Jimmie Johnson outlasts Brad Keselowski for Texas win

 

Pulling away from Brad Keselowski in a green-white-checkered-flag finish at Texas Motor Speedway, Jimmie Johnson won Sunday night’s AAA Texas 500 and tightened his grip on a possible sixth NASCAR Sprint Cup Series championship.

Johnson finished .808 seconds ahead of Keselowski and increased his lead in the standings to from two points to seven. The victory was Johnson’s fifth of the season, his second at Texas and the 60th of his career. For the second straight week, Johnson won a Chase race from the pole.

Kyle Busch ran third, followed by Matt Kenseth, Tony Stewart and Clint Bowyer.

After NASCAR called the sixth caution of the race on lap 274, for debris on the backstretch, Keselowski entered the pits as the leader but dropped eight spots on the exchange of stops.

First, Keselowski slid to the front of his pit stall on the stop. Compounding the problem, the No. 10 Chevrolet of Danica Patrick, whose pit stall was immediately in front of Keselowski’s, stopped at the top of her box, blocking Keselowski’s exit.

By the time the No. 2 crew pushed the Blue Deuce back to give Keselowski clearance, he had lost the eight spots, as other lead-lap cars rolled past.

Keselowski spent the subsequent 30-lap green-flag run making up ground. On Lap 307, he passed Matt Kenseth for the fourth position, with Johnson running second behind Kyle Busch.
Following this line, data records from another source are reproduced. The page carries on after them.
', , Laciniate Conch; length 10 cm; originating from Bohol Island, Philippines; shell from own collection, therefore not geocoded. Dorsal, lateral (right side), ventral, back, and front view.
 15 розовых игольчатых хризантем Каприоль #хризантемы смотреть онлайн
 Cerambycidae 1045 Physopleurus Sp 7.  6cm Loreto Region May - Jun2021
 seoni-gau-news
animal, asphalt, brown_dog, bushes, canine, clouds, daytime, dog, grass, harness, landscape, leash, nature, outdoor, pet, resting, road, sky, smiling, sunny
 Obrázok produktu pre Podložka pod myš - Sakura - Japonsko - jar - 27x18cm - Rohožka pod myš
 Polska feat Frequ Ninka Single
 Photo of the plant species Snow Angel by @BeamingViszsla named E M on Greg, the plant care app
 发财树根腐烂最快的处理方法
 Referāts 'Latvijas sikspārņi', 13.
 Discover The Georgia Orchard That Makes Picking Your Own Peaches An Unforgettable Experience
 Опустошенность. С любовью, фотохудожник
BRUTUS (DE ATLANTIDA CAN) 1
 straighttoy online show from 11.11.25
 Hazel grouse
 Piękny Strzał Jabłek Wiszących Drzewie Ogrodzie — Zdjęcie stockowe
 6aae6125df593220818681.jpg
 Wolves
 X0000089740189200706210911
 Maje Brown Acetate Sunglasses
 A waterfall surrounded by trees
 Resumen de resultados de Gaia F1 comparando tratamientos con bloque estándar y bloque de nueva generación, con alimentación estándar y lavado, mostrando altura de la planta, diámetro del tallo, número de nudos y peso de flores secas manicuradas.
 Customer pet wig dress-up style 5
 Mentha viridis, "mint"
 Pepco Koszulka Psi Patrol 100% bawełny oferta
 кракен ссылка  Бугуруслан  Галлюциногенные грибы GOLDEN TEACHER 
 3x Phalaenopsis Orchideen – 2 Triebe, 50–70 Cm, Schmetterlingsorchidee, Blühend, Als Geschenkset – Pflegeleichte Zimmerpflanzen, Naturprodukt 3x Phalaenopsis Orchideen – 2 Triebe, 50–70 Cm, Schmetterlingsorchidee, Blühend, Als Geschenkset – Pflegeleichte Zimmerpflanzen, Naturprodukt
Three laps later, Marcos Ambrose’s accident in Turn 2 brought out caution No. 7, and Keselowski regained the lead with a two-tire stop. Busch was second off pit road, ahead of Johnson, who restarted third on Lap 316.

Keselowski surged to the lead, clearing Busch on the backstretch, and held the top spot until the caution on Lap 321 for an incident involving Kasey Kahne, Jeff Gordon and Greg Biffle in Turn 2 slowed the field. Kahne got the worst of the contact, lost a lap and saw his title hopes all but evaporate.

Keselowski and Johnson raced side-by-side and a hairbreadth from losing control after the restart on lap 327, with Keselowski pulling out to an eight-car-length lead, but a wreck on the frontstretch two laps later set up the two-lap dash to the finish.